Of note, researchers have traditionally focused much on DNA, mRNA, and proteins, and viewed them as principal modulators and therapeutic targets. In recent two decades, accumulated evidence has revealed a competitive endogenous RNA regulatory network with the participation of miRNA, lncRNA, and circRNA (Figure 4). MiRNAs have gained increasing attention, and their antagonists or mimics have been designed in cancer therapy to reduce or elevate their previous levels, respectively.146, 147 On one hand, it's acknowledged that a single miRNA simultaneously targets several mRNAs implicated in several signal pathways, which brings great benefits to refractory cancers with genomic heterogeneity. On the other hand, a mRNA can be modulated by multiple miRNAs, implying a therapeutic strategy of applying different miRNA antagonists or mimics to effectively affect the specific target mRNA. However, there exist some disadvantages or challenges with respect to miRNA‐targeted strategy. At first, they may elicit broad effects and unexpected alterations of those unrelated genes targeted by same miRNAs, which obviously break the balance of gene expression profiles in cells. Besides, the existence of off‐target effect for miRNA antagonists cannot be ignored.

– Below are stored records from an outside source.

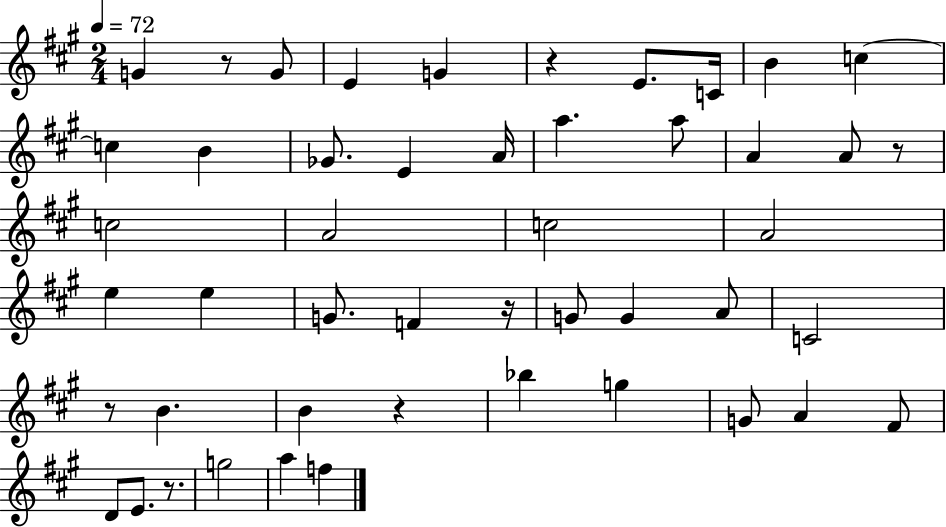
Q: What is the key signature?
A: A major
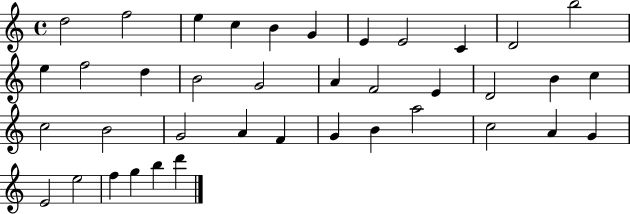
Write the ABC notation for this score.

X:1
T:Untitled
M:4/4
L:1/4
K:C
d2 f2 e c B G E E2 C D2 b2 e f2 d B2 G2 A F2 E D2 B c c2 B2 G2 A F G B a2 c2 A G E2 e2 f g b d'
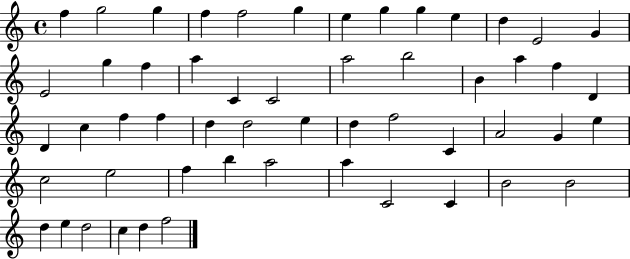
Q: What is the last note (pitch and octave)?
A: F5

Furthermore, the quick degradation and cellular delivery are two great challenges ought to be solved. Last but not least, it has been noticed that miRNAs can exert a different effect because of several influence factors such as agents, cell lines, cancer types, and so on. This implies careful and cautious choice of miRNA antagonists or mimics according to different conditions.

Figure 4

Competitive endogenous RNA regulatory network. Most of human genome DNA has transcripts. About 2% of transcripts code for protein synthesis. The remaining noncoding RNAs include miRNAs, lncRNAs, and cirRNAs. Numerous endogenous RNAs such as mRNAs, lncRNA, and cirRNAs are under the regulation of miRNAs, and they compete for the target binding of miRNAs

To sum up, this review focuses on drug resistance‐related miRNAs in OS through several molecular mechanisms, and provides insight in creating promising therapeutic strategies by targeting these miRNAs to reverse OS chemoresistance.

CONFLICT OF INTEREST

The authors declare no conflict of interest.